• **Your objective**
Exactly and only the lines from the one with "this 734×1100 image." through the last line of the records need to be set down; please skip the pictures.

··· Data ···

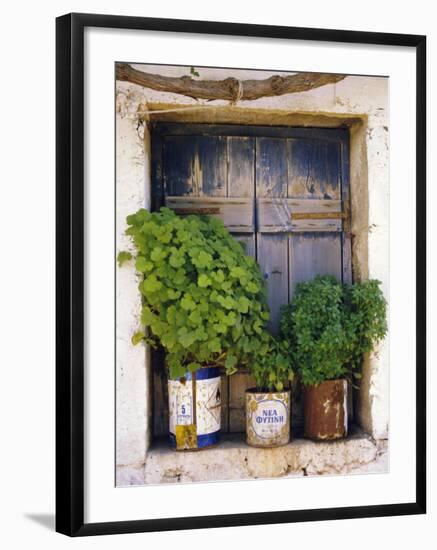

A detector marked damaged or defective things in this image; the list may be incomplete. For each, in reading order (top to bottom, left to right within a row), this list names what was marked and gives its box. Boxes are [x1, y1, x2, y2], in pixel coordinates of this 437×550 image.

rusted container [168, 368, 221, 450]
rusty metal bucket [168, 366, 221, 452]
rusted container [245, 392, 290, 448]
rusty metal bucket [245, 390, 290, 450]
rusted container [304, 382, 348, 442]
rusty metal bucket [304, 382, 348, 442]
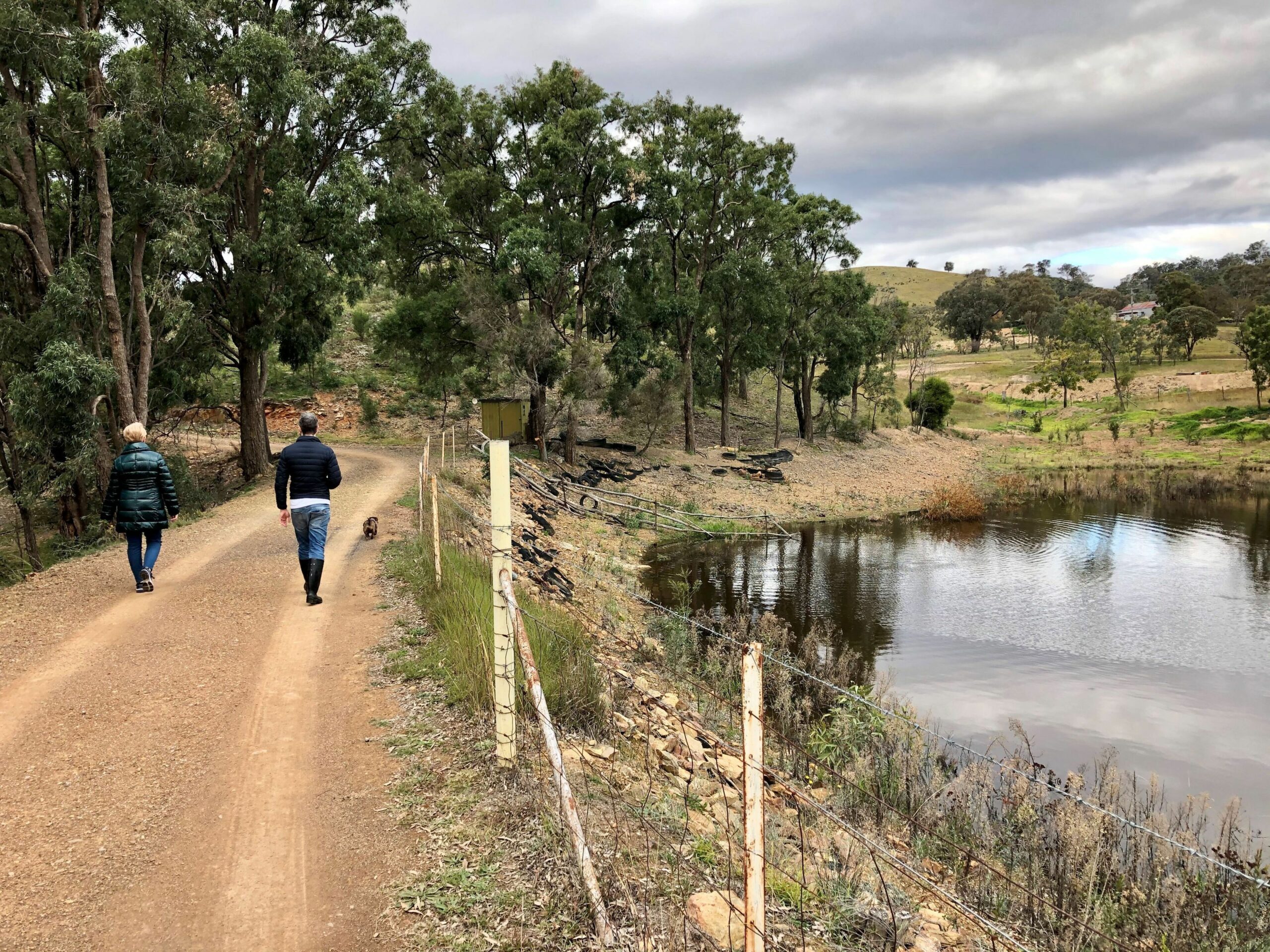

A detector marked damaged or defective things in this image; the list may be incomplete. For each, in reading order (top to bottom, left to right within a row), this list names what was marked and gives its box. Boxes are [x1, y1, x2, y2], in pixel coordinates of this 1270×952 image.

rusty metal post [495, 571, 615, 949]
rusty metal post [742, 642, 762, 952]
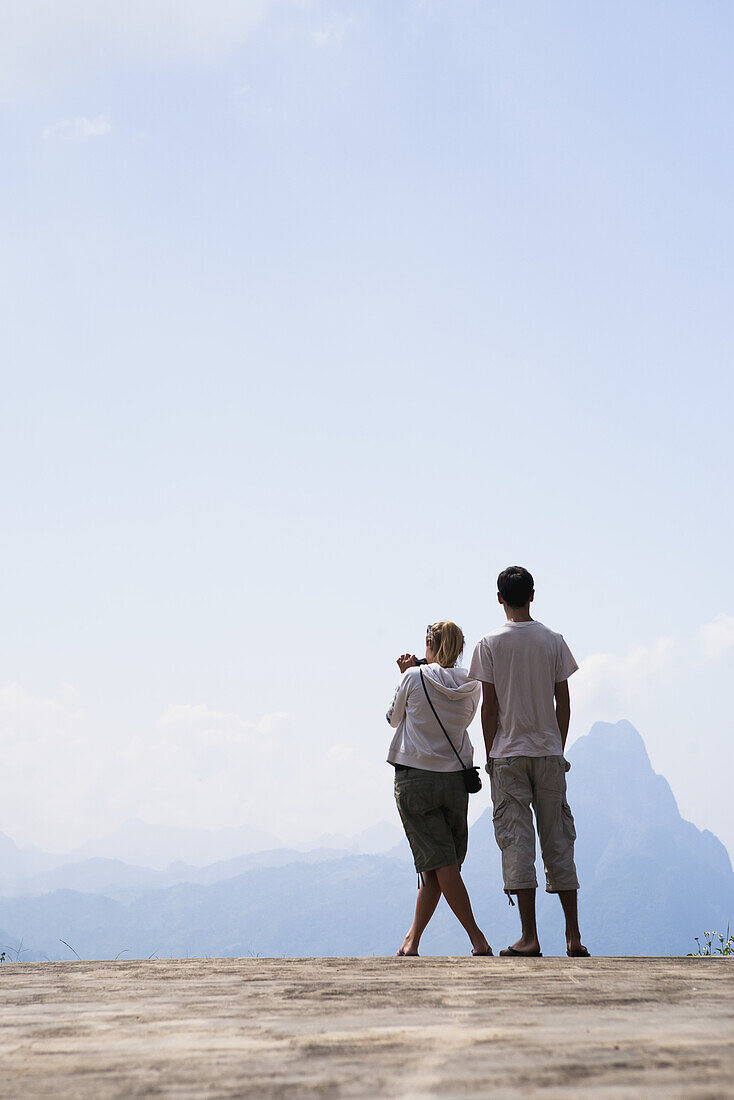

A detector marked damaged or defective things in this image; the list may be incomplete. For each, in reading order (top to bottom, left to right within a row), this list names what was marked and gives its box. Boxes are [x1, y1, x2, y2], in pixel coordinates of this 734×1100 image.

cracked concrete surface [0, 959, 730, 1095]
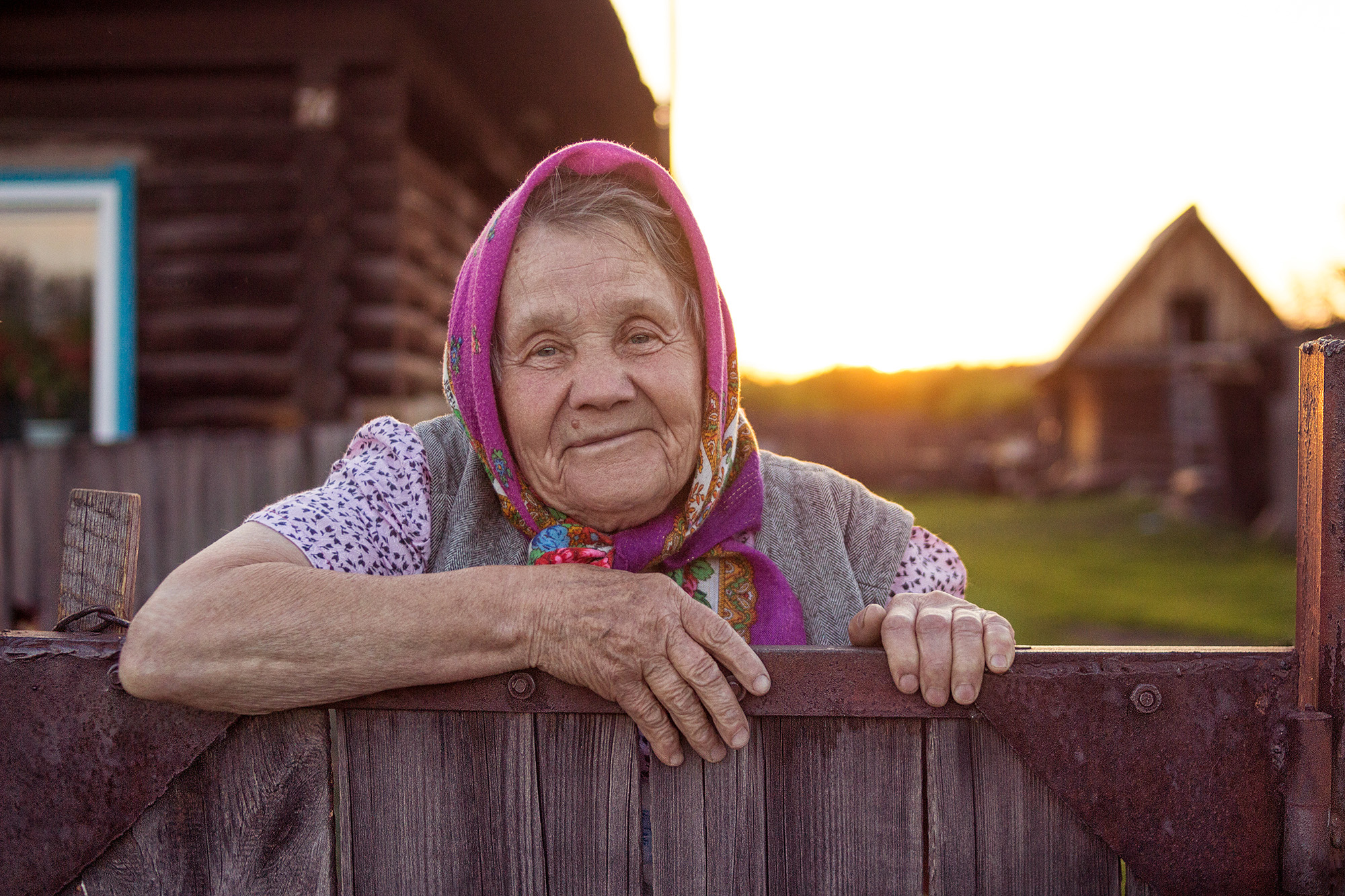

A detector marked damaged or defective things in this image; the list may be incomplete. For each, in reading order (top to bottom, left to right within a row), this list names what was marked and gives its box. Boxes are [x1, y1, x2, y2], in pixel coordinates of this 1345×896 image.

rusted metal gate frame [0, 336, 1340, 893]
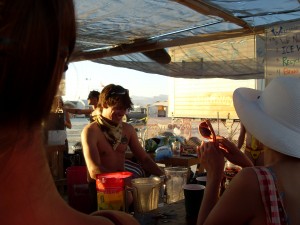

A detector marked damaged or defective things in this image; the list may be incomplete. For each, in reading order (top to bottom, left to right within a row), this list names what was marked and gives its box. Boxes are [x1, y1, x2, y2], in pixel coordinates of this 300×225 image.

tattered fabric canopy [71, 0, 300, 79]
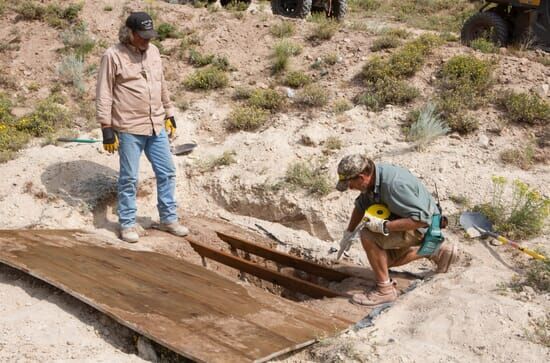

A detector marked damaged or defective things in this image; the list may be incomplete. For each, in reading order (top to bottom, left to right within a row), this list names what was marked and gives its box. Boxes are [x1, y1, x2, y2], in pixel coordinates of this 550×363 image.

rusty metal beam [185, 237, 350, 300]
rusty metal beam [216, 232, 354, 282]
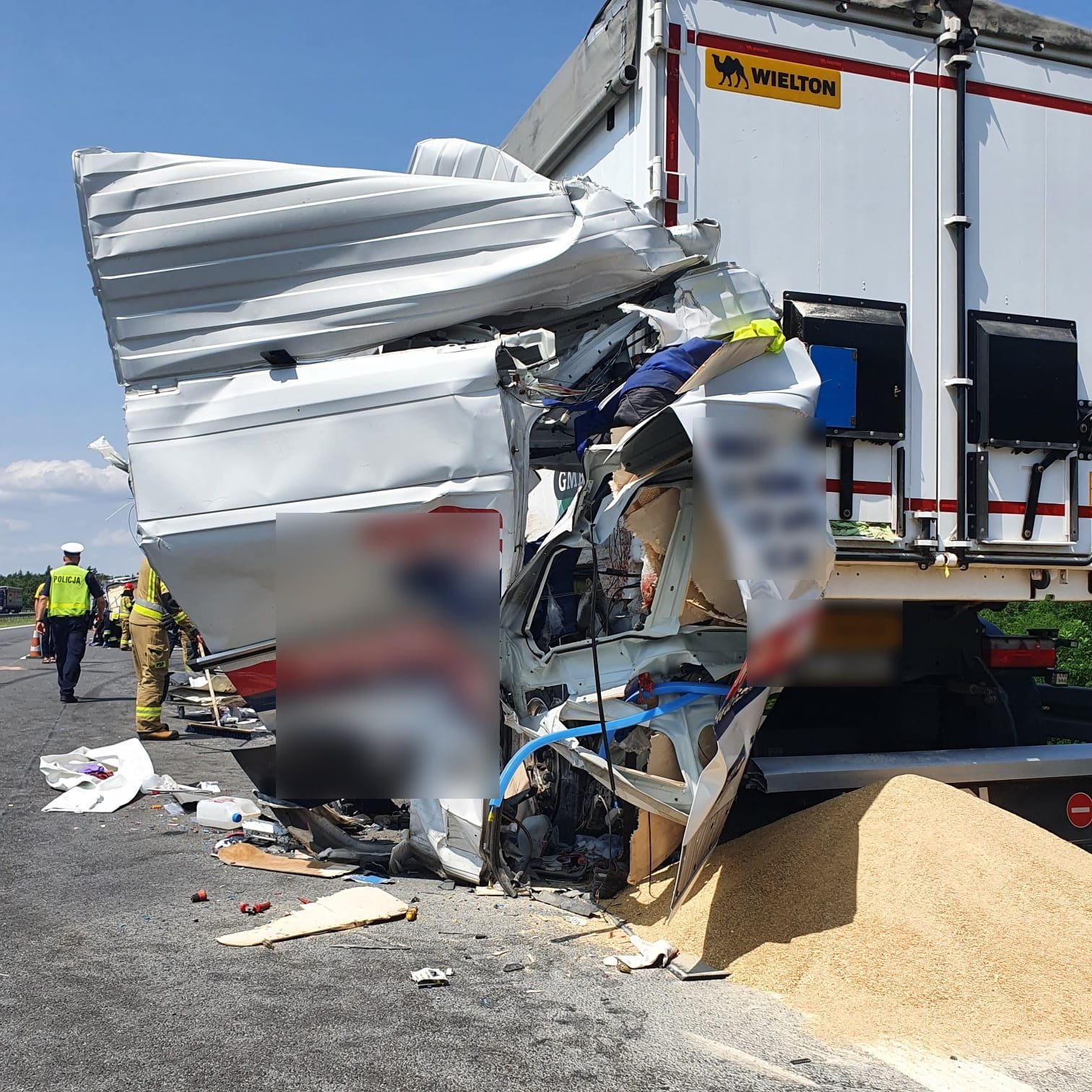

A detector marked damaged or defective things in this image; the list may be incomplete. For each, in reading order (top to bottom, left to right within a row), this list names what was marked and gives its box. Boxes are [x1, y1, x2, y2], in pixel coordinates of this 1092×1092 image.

···

• **Expected answer**
A detector marked damaged or defective things in this image; the list may be incomplete. For each, in reading order (top to bottom, left to right within a row), this list names what was marked and gives its box. Boxes are [x1, y1, x2, y2], in pixel coordinates of this 734×1100 image.

cracked concrete surface [0, 959, 730, 1095]

A detector marked damaged or defective things in this image; the list may be incomplete. For each, in reading order (top to bottom, left to right within a row), this list names what was marked and gives its box. Boxes are [x1, y1, x2, y2], in pixel coordinates of this 1345×896 image.

rusted metal gate frame [0, 336, 1340, 893]

A detector marked damaged or defective things in this image; the list may be incomplete. For each, in reading order (top to bottom, left to right within a row), this list names what was marked and gives its box. Boxes are [x1, y1, x2, y2], in pixel coordinates of this 300×225 image.

tattered fabric canopy [71, 0, 300, 79]

A detector marked damaged or defective things in this image; the list may be incomplete. For each, in reading order (top to bottom, left to right within a row), this list names what was marked and gives its box. Boxes are [x1, y1, x2, y2], in pixel coordinates of this 550×363 image.

rusty metal beam [185, 237, 350, 300]
rusty metal beam [216, 232, 354, 282]

A detector marked damaged or defective things in this image; the list may be incomplete. For each, in reading order (top to bottom, left to right within a row), this list names what was marked and gives its box. Boxes are [x1, y1, x2, y2], in pixel coordinates of this 1092×1092 image.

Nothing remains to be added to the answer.